● **TASK ITEM**
Print exactly the lines below between the line holding "Alternate view of" and the line holding "BANGE Shoulder Bag", inclusive, and nothing more.
[MATERIAL PROVIDED Boundary: Start]
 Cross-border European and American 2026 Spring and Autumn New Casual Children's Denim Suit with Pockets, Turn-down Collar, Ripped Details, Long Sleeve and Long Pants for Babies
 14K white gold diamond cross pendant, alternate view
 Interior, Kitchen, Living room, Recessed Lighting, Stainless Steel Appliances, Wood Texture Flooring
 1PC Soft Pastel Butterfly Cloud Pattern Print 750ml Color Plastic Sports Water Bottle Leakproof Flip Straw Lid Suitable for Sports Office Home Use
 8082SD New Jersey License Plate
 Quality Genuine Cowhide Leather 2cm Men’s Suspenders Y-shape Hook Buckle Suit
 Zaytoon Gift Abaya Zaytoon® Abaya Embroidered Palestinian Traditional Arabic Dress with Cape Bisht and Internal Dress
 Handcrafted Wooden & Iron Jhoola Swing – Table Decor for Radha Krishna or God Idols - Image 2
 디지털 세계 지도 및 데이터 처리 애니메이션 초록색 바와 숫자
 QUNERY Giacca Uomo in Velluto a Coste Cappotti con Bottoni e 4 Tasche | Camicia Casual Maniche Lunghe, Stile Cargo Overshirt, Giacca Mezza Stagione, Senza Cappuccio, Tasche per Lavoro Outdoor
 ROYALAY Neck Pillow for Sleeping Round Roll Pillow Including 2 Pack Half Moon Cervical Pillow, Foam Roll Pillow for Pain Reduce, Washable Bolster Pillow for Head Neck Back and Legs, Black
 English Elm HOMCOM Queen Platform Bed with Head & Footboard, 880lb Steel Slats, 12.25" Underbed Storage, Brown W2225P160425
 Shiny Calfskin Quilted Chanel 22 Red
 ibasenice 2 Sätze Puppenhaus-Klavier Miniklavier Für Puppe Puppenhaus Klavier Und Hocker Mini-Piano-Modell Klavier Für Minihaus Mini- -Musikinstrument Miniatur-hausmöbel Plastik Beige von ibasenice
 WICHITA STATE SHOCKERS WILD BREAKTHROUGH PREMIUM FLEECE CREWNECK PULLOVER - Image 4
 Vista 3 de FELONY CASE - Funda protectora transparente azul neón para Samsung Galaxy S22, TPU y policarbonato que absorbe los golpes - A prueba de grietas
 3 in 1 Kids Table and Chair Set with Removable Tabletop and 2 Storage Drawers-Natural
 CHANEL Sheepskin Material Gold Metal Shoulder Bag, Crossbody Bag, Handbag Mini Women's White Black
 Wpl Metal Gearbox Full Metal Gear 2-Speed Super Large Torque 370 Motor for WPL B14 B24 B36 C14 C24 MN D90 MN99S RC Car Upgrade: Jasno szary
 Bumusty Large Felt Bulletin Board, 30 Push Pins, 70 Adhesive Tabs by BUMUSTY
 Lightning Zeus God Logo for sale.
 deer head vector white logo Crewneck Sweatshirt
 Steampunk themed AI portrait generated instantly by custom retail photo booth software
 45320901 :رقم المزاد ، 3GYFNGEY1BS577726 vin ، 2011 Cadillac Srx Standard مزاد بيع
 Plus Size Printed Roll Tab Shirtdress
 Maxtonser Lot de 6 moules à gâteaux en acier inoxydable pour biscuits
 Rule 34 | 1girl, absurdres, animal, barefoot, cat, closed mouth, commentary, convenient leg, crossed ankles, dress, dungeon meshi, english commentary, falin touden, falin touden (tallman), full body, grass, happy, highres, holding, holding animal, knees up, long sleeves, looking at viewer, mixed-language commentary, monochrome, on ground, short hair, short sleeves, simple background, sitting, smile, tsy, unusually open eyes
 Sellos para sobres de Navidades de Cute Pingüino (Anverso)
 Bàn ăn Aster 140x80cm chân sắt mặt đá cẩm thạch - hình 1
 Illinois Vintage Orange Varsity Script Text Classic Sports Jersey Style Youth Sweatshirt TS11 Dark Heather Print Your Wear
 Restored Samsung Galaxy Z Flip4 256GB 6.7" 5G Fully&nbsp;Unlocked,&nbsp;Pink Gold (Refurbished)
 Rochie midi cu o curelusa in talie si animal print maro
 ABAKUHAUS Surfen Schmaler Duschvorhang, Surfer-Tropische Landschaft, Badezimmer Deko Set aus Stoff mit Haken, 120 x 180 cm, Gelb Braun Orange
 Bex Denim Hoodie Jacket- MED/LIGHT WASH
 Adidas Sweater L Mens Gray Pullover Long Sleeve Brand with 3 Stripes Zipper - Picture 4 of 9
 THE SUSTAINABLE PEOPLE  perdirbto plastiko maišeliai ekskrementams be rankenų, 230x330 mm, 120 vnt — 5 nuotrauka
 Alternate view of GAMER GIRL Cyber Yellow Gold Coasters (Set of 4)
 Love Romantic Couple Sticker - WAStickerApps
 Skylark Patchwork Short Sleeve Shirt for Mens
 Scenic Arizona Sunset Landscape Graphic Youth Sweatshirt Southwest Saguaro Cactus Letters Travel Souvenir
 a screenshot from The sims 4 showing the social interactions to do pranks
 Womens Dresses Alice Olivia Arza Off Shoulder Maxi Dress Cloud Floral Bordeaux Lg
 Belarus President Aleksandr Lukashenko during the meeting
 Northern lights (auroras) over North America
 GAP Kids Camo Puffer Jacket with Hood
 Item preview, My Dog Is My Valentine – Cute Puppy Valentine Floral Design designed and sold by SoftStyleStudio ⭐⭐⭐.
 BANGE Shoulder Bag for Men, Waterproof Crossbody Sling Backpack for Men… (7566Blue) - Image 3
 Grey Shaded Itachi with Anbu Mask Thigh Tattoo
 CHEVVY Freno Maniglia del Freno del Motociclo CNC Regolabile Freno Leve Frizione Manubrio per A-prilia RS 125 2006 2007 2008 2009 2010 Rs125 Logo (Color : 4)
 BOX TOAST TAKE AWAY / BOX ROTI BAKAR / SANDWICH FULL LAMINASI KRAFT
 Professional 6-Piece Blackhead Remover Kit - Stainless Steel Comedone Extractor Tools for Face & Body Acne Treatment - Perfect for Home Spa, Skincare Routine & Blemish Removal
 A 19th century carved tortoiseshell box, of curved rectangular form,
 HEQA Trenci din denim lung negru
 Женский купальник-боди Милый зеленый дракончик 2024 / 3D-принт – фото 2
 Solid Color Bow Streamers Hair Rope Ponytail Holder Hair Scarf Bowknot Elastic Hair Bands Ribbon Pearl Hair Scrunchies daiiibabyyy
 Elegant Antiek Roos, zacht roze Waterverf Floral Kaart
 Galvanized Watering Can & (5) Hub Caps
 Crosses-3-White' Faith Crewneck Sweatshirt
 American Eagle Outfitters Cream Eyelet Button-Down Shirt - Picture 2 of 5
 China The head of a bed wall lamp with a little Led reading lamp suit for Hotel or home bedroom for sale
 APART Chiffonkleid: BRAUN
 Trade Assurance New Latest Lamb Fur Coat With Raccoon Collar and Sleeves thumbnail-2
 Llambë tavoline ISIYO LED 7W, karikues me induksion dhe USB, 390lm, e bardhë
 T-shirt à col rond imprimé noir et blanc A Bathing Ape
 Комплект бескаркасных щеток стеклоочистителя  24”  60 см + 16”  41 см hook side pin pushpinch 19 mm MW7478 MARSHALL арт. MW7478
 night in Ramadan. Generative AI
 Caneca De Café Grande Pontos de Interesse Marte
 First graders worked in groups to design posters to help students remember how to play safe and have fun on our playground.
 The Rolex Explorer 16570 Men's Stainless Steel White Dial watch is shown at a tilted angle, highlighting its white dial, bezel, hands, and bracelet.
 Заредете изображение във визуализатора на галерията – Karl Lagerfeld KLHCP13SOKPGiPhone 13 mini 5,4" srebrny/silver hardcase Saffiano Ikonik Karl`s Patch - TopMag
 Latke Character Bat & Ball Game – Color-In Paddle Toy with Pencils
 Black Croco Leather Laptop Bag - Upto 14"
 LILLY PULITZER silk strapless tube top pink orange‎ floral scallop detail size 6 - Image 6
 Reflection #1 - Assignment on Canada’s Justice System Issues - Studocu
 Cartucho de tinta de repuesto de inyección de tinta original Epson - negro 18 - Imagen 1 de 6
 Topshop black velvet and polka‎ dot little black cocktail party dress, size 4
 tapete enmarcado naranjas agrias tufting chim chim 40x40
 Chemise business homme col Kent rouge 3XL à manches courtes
[MATERIAL PROVIDED Boundary: End]
● **REPLY TO THE EXERCISE**
 Alternate view of GAMER GIRL Cyber Yellow Gold Coasters (Set of 4)
 Love Romantic Couple Sticker - WAStickerApps
 Skylark Patchwork Short Sleeve Shirt for Mens
 Scenic Arizona Sunset Landscape Graphic Youth Sweatshirt Southwest Saguaro Cactus Letters Travel Souvenir
 a screenshot from The sims 4 showing the social interactions to do pranks
 Womens Dresses Alice Olivia Arza Off Shoulder Maxi Dress Cloud Floral Bordeaux Lg
 Belarus President Aleksandr Lukashenko during the meeting
 Northern lights (auroras) over North America
 GAP Kids Camo Puffer Jacket with Hood
 Item preview, My Dog Is My Valentine – Cute Puppy Valentine Floral Design designed and sold by SoftStyleStudio ⭐⭐⭐.
 BANGE Shoulder Bag for Men, Waterproof Crossbody Sling Backpack for Men… (7566Blue) - Image 3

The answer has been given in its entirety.